### Aim of the exercise
Please transcribe, word for word, only the lines from the one containing "Работа детегледачка в" through the last line of the records below, both included, and leave out every picture.

..............................

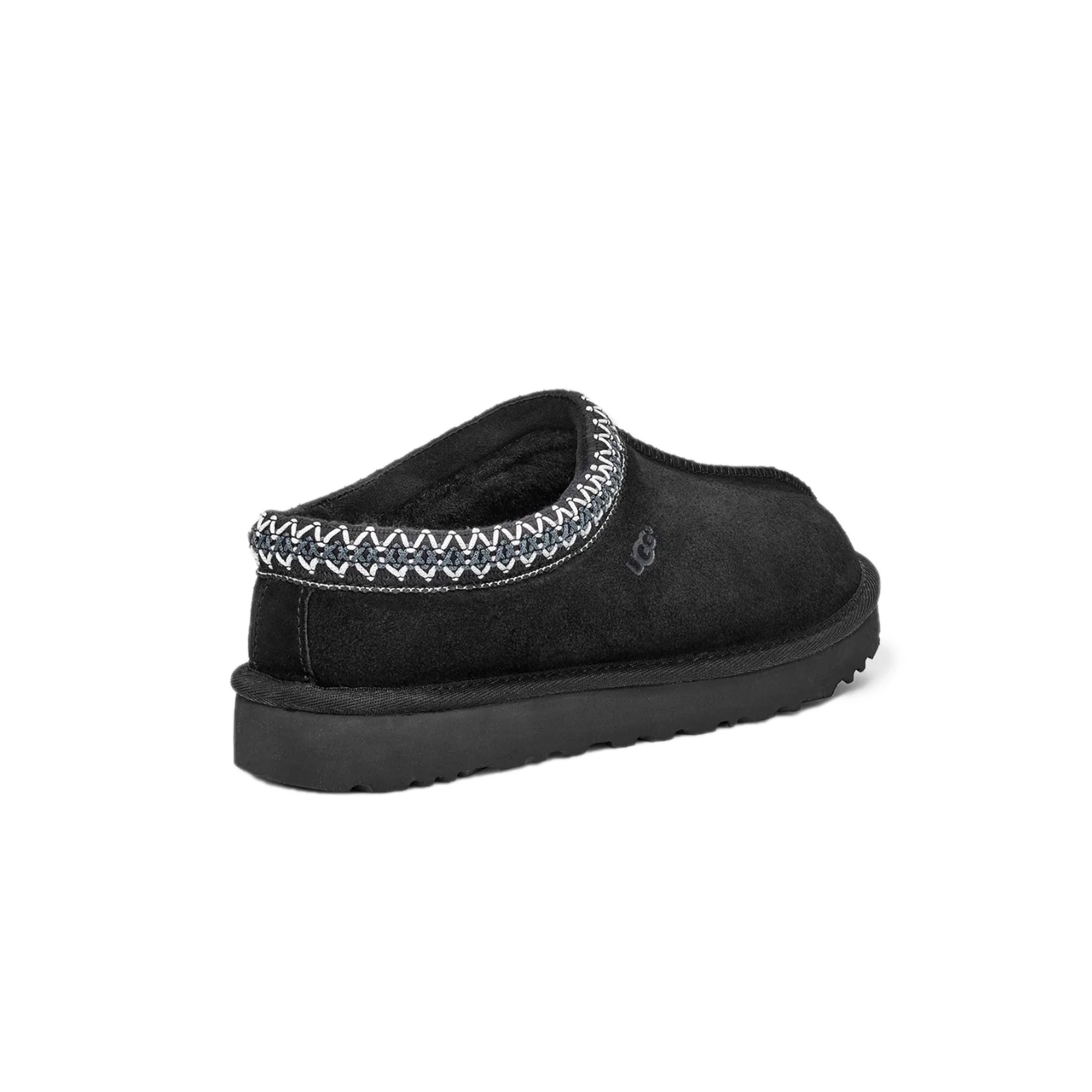 Ugg Womens Tasman Slippers - Image 3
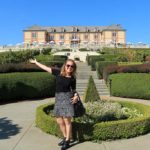 eu-nos-jardins-da-domaine-carneros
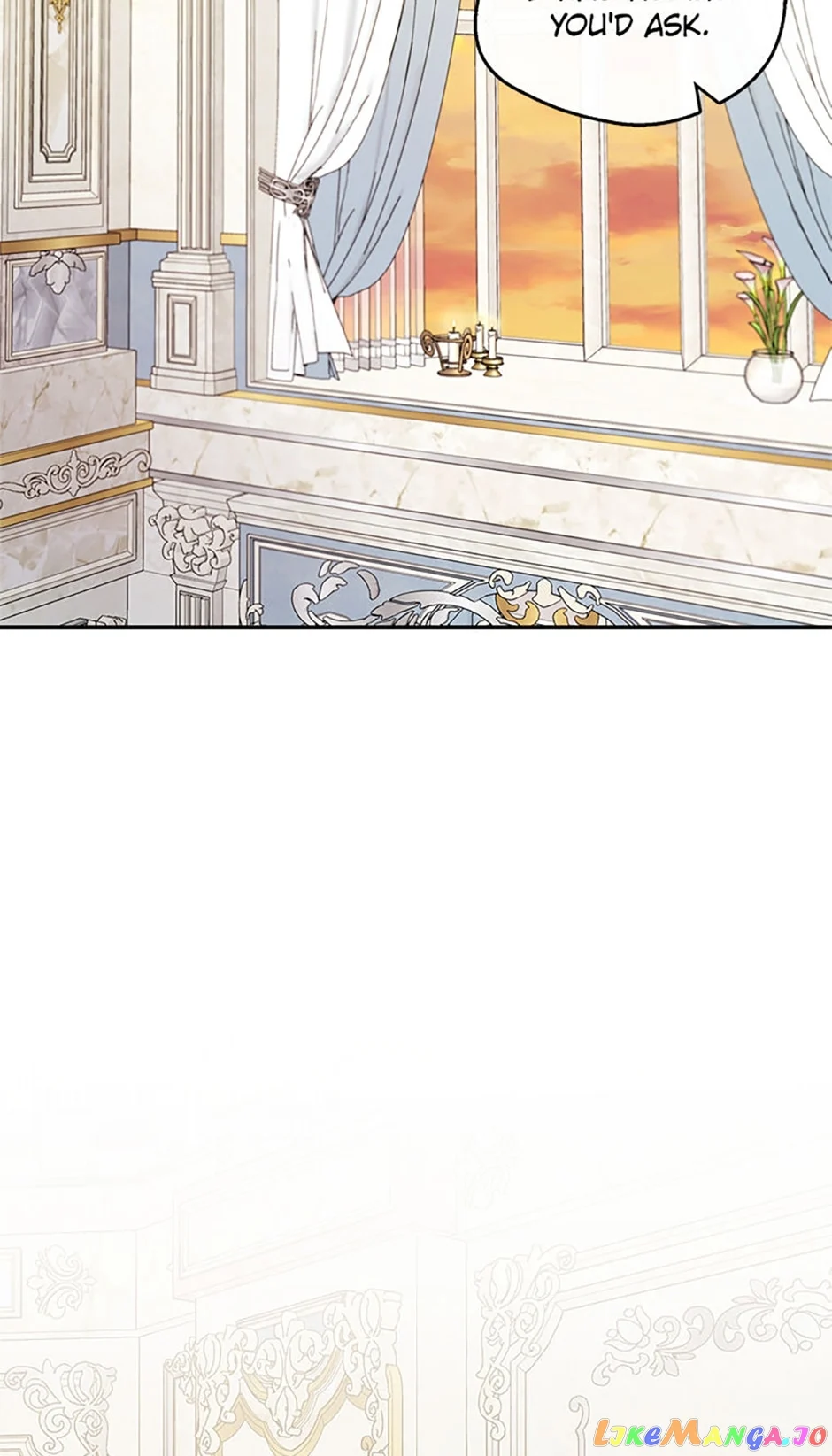 I Became The Older Sister of A Regretful Male Lead Chapter 28 283 47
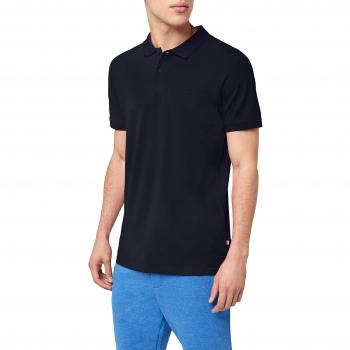 Jack & Jones Herren Poloshirt Basic JJEBASIC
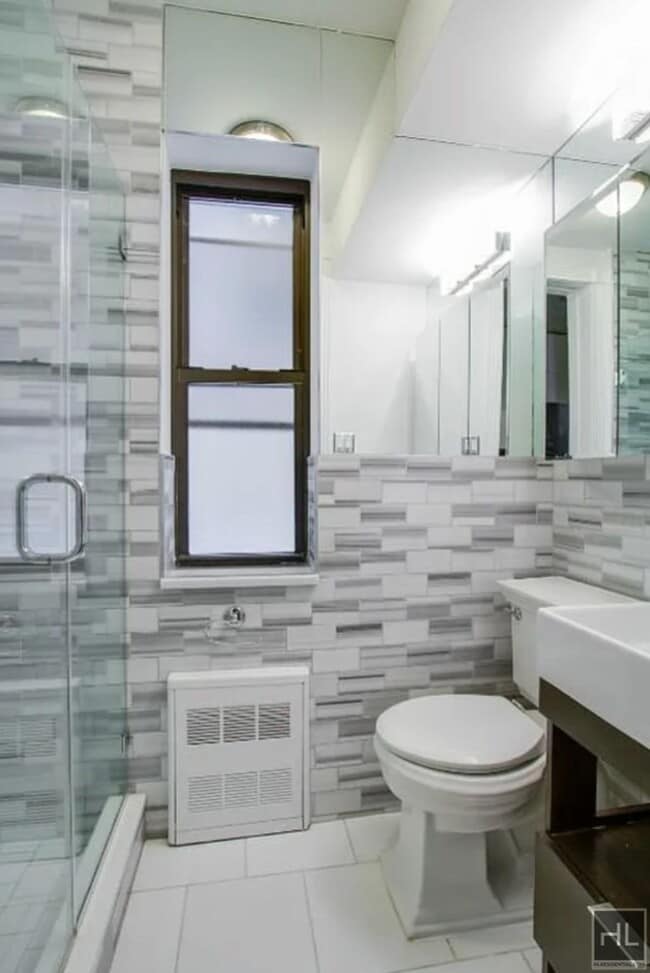 Foto del edificio - East 11th Street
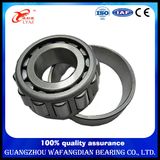 Metric Taper Roller Bearing 33021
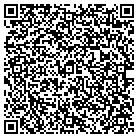 QR code with Eliminator Bmx Racing Team contacts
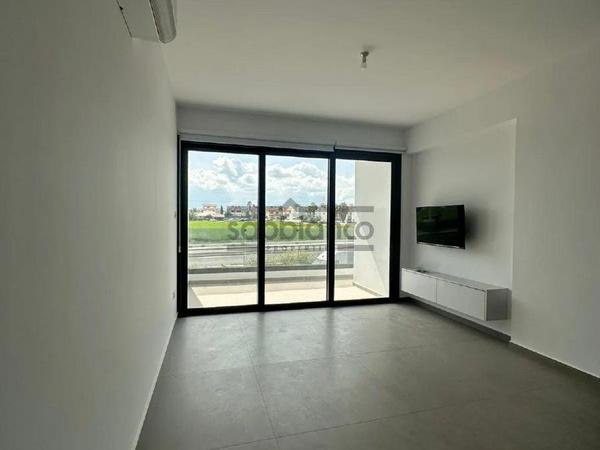 2 bedroom apartment for rent kato lakatamia nicosia 8748847 image 16469210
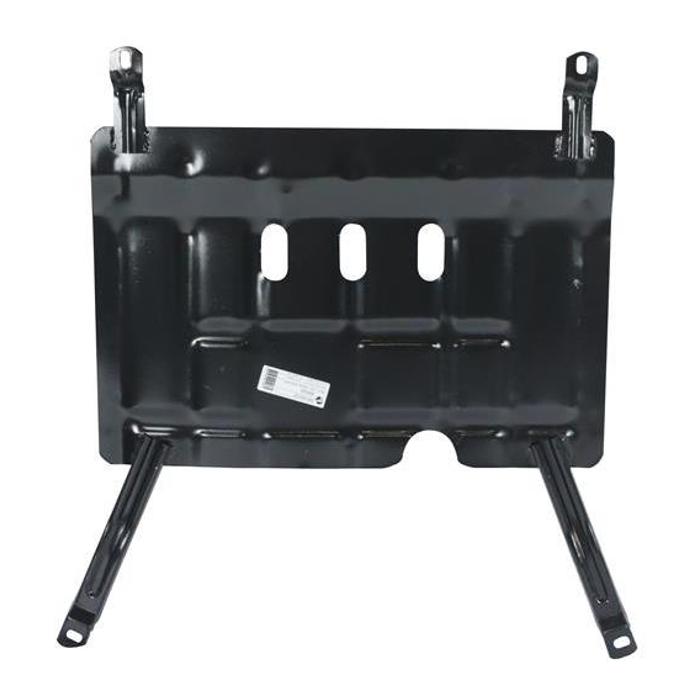 Protetor de Cárter Tradicional para Chevrolet Cruze e Cruze Sport6 - DHF - DHF315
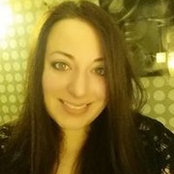 Chelsea Mayo's photo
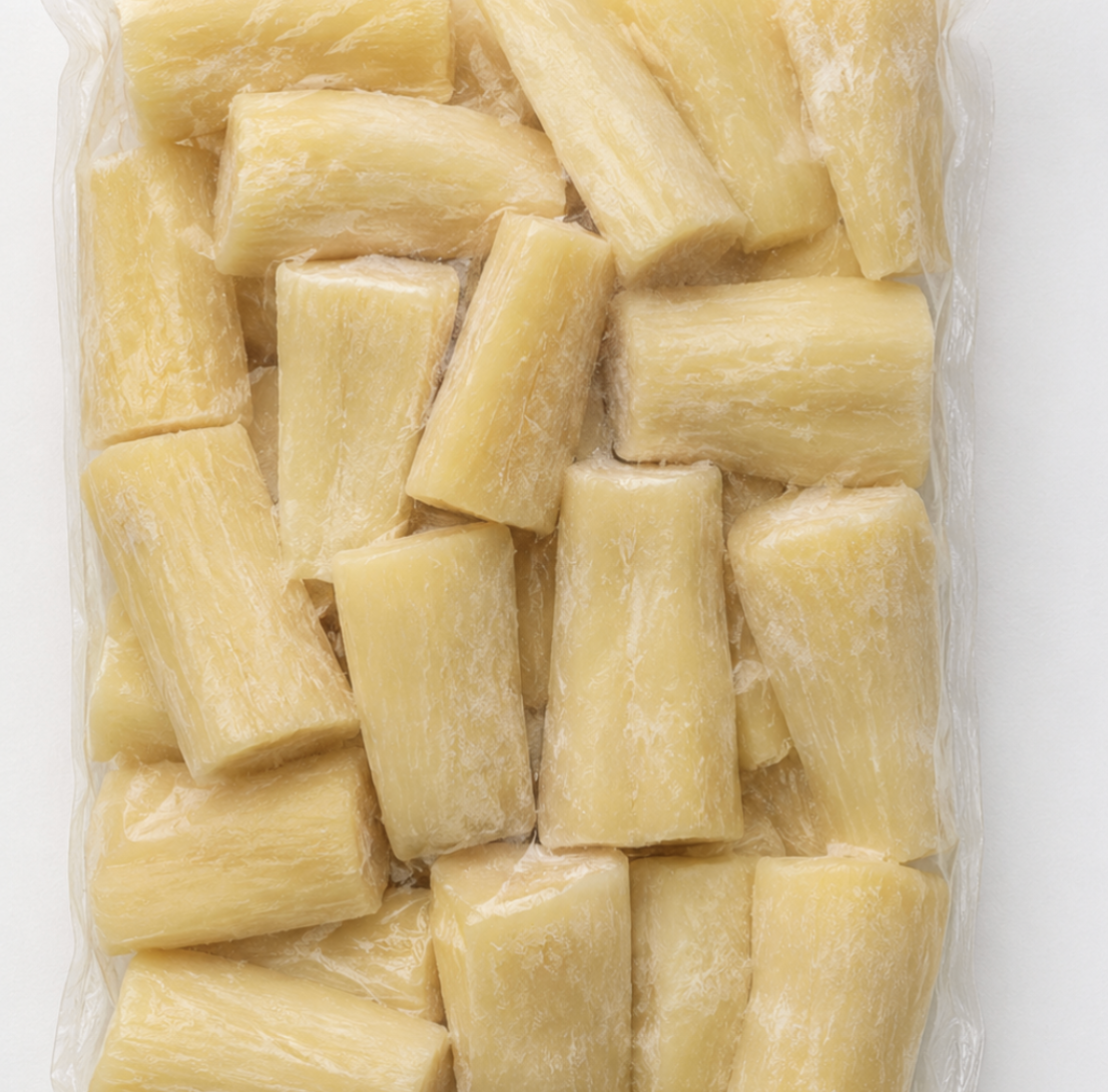 Mandioca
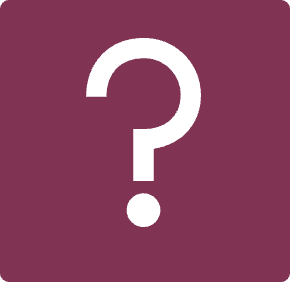 icon-frage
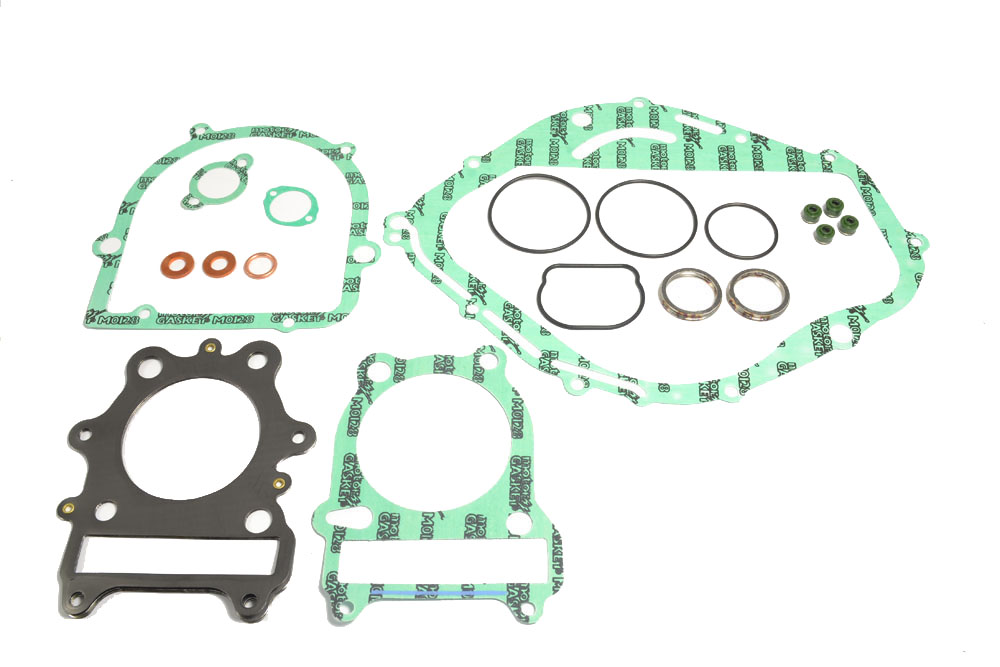 Set dihtunga za motor KOMPLETAN ATHENA P400510850266
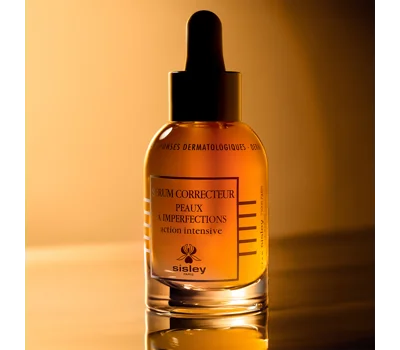 Corrective Serum Blemish-Prone Skin 30ml
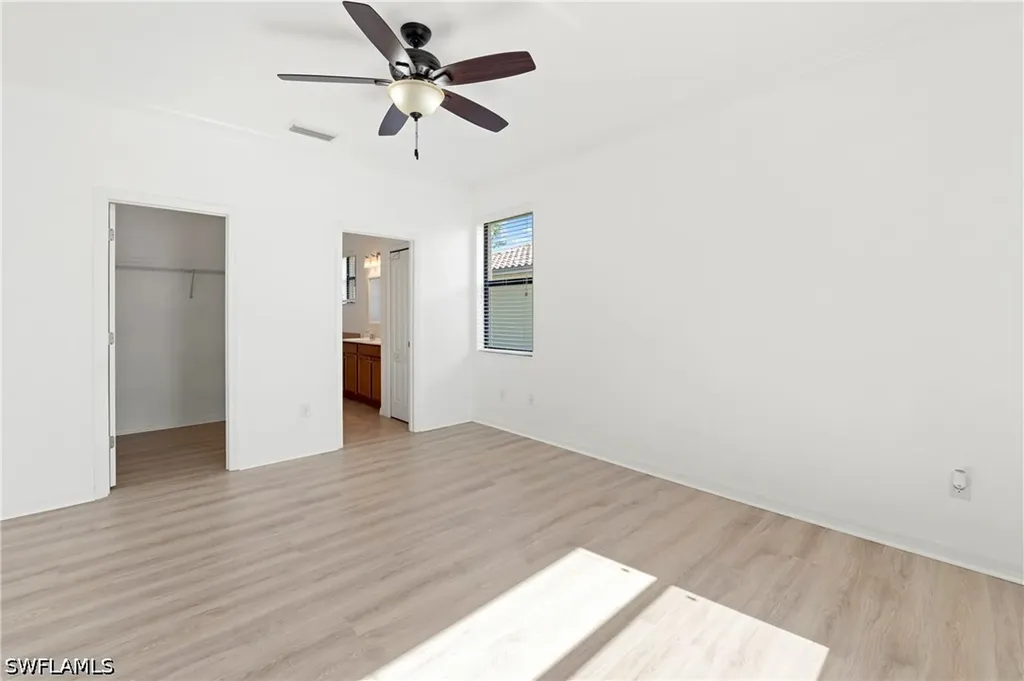 2769 Via Piazza Loop Fort Myers FL 33905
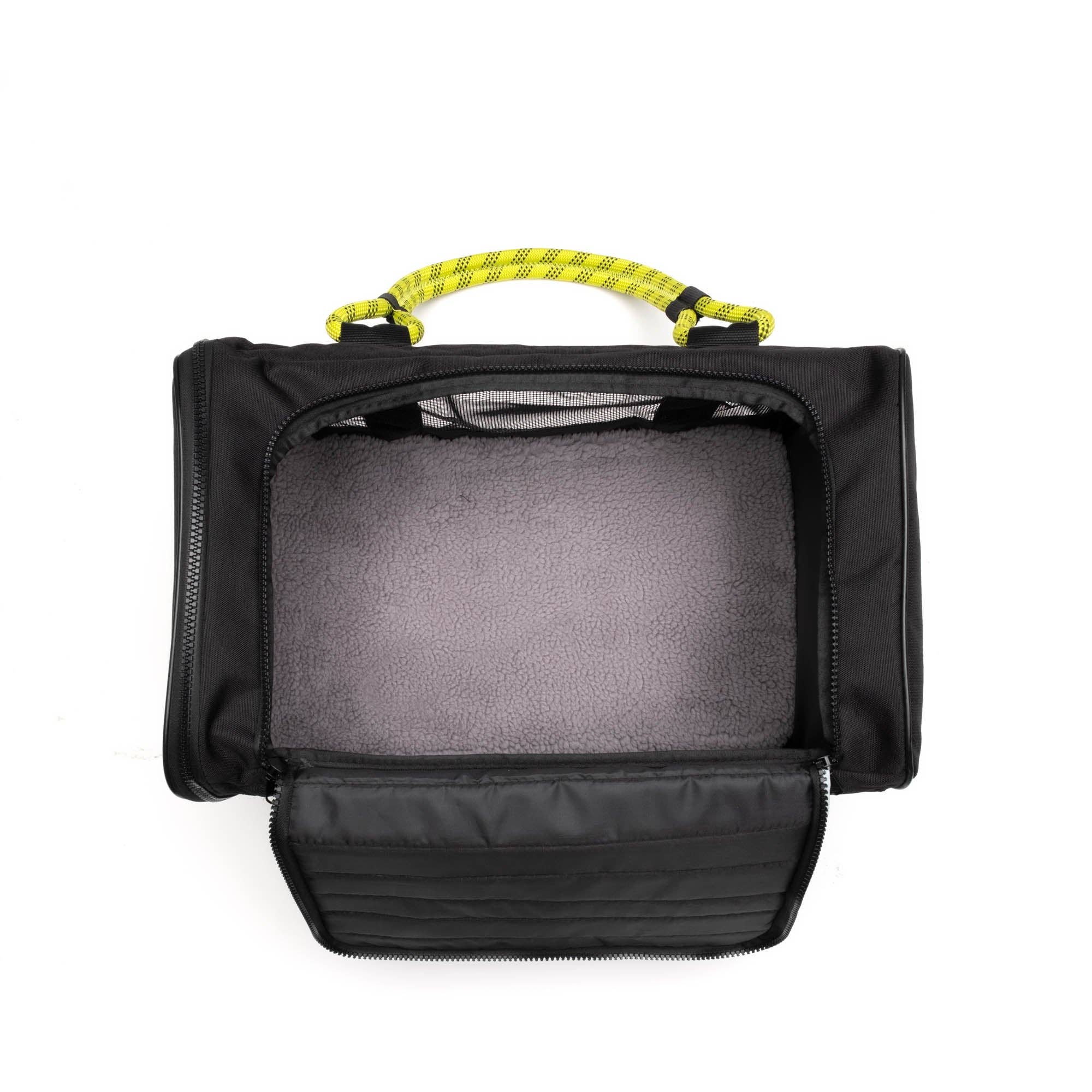 ROVERLUND OUT-OF-OFFICE PET CARRIER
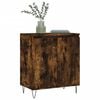 Product Thumbnail Image 3 of 12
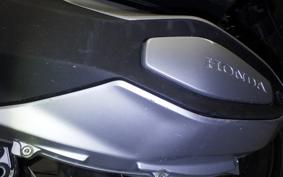 HONDA FORZA 250 2014 MF15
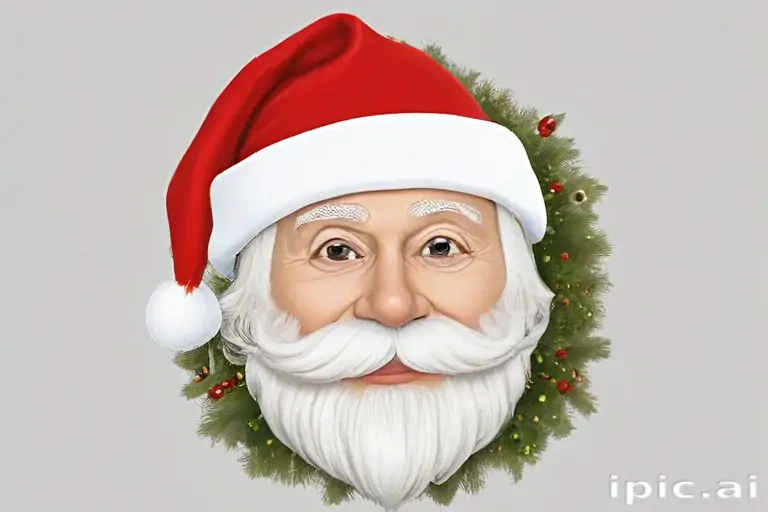 merry chrostmas png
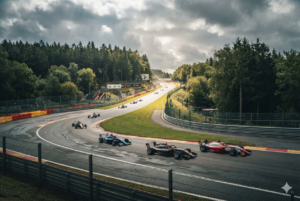 spa race preview 2026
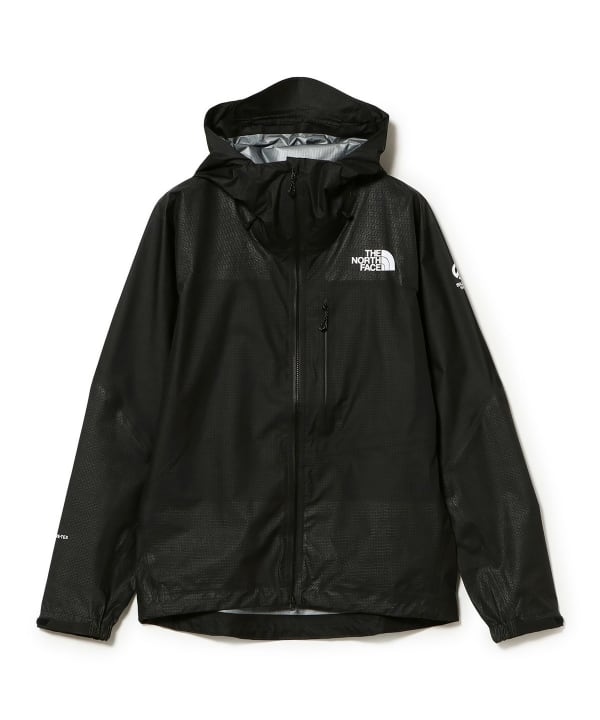 THE NORTH FACE / Thui Zom Peak Jacket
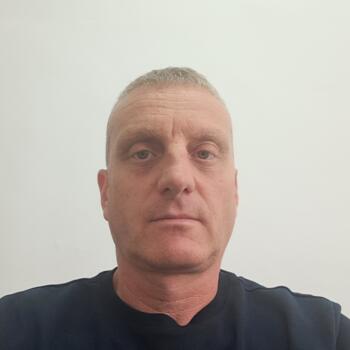 Работа детегледачка в Кърджали: работа детегледачка Kolyo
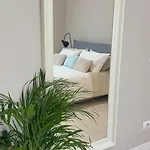 Casa Mimi - Manu Maison דירה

..............................

### Reply to the task
 Работа детегледачка в Кърджали: работа детегледачка Kolyo
 Casa Mimi - Manu Maison דירה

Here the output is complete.